▶ [PROBLEM TO WORK ON]: The answer must consist solely of the line containing "डेढ़ घंटे चला" and every line after it in the records below, through the last, each reproduced exactly.

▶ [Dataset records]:

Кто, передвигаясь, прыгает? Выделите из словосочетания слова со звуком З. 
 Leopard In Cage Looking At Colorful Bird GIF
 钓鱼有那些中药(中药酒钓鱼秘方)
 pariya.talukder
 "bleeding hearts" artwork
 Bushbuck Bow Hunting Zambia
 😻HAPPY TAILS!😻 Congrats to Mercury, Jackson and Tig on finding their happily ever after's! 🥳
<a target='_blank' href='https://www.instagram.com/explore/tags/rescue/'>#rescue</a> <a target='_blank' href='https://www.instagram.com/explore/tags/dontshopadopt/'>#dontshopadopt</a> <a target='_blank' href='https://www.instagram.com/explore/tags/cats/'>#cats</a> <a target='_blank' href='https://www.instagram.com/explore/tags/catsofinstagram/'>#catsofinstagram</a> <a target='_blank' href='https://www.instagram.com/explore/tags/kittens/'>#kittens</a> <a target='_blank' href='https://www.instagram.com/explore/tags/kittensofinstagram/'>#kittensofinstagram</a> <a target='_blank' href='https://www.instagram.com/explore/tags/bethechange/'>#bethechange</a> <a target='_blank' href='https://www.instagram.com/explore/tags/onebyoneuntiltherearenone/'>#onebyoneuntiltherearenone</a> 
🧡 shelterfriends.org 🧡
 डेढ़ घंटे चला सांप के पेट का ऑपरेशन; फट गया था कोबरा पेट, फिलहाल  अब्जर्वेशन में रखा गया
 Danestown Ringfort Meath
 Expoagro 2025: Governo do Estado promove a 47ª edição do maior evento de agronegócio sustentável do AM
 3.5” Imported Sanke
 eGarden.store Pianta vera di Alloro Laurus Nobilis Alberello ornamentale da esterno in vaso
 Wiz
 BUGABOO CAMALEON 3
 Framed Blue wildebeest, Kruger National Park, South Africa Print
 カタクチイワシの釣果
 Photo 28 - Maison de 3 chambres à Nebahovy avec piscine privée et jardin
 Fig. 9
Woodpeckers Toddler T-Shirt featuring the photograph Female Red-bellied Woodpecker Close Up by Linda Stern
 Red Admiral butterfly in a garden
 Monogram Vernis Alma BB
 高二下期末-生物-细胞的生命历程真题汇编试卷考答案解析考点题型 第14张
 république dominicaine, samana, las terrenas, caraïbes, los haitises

▶ [TASK RESPONSE]:
 डेढ़ घंटे चला सांप के पेट का ऑपरेशन; फट गया था कोबरा पेट, फिलहाल  अब्जर्वेशन में रखा गया
 Danestown Ringfort Meath
 Expoagro 2025: Governo do Estado promove a 47ª edição do maior evento de agronegócio sustentável do AM
 3.5” Imported Sanke
 eGarden.store Pianta vera di Alloro Laurus Nobilis Alberello ornamentale da esterno in vaso
 Wiz
 BUGABOO CAMALEON 3
 Framed Blue wildebeest, Kruger National Park, South Africa Print
 カタクチイワシの釣果
 Photo 28 - Maison de 3 chambres à Nebahovy avec piscine privée et jardin
 Fig. 9
Woodpeckers Toddler T-Shirt featuring the photograph Female Red-bellied Woodpecker Close Up by Linda Stern
 Red Admiral butterfly in a garden
 Monogram Vernis Alma BB
 高二下期末-生物-细胞的生命历程真题汇编试卷考答案解析考点题型 第14张
 république dominicaine, samana, las terrenas, caraïbes, los haitises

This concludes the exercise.